- **Task prompt**
The output should be the listing below, limited to the lines from the one with "Energizer Power Bank 20000mAh" through the one with "62 Cushing SE Chisel", exact and without pictures.

- **Input**
..............................

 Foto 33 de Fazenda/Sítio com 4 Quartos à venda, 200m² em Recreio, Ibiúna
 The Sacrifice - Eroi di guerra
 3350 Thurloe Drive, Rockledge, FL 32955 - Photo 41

..............................

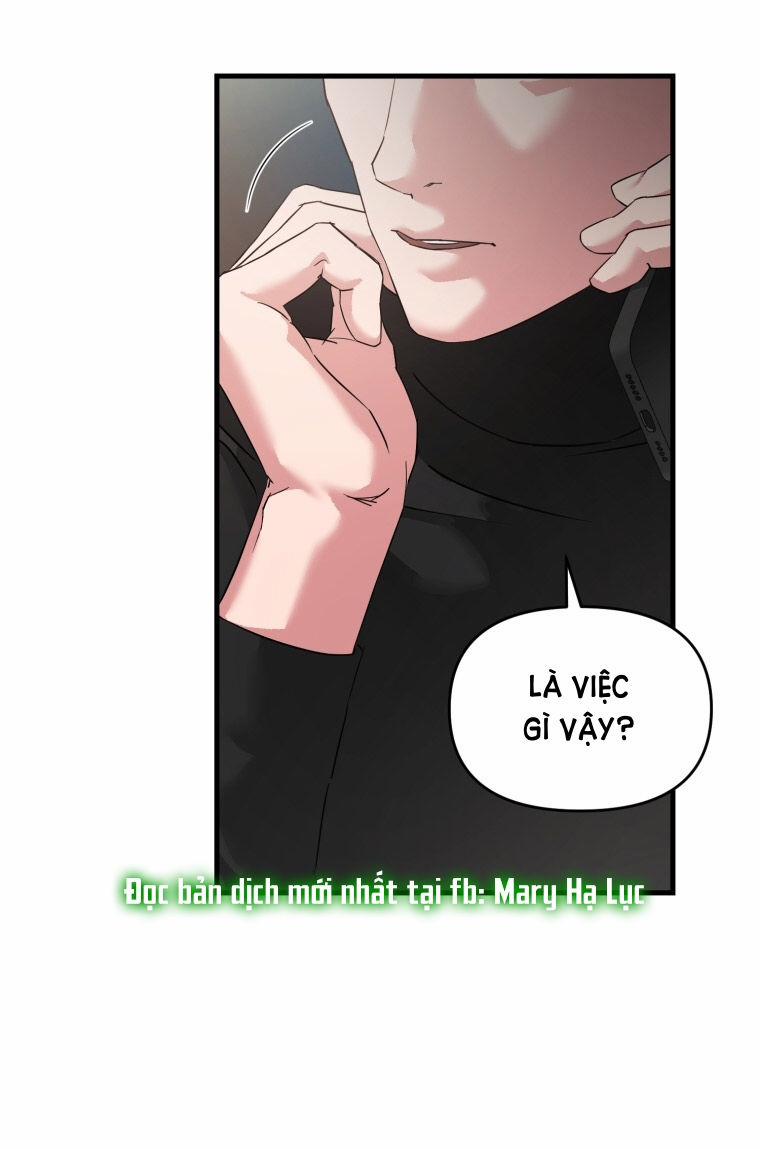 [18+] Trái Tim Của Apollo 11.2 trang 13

..............................

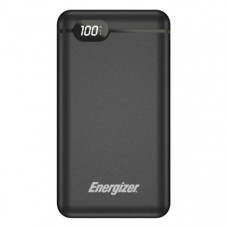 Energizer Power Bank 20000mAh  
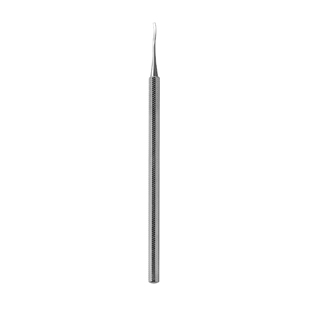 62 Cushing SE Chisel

..............................

- **Exercise answer**
 Energizer Power Bank 20000mAh  
 62 Cushing SE Chisel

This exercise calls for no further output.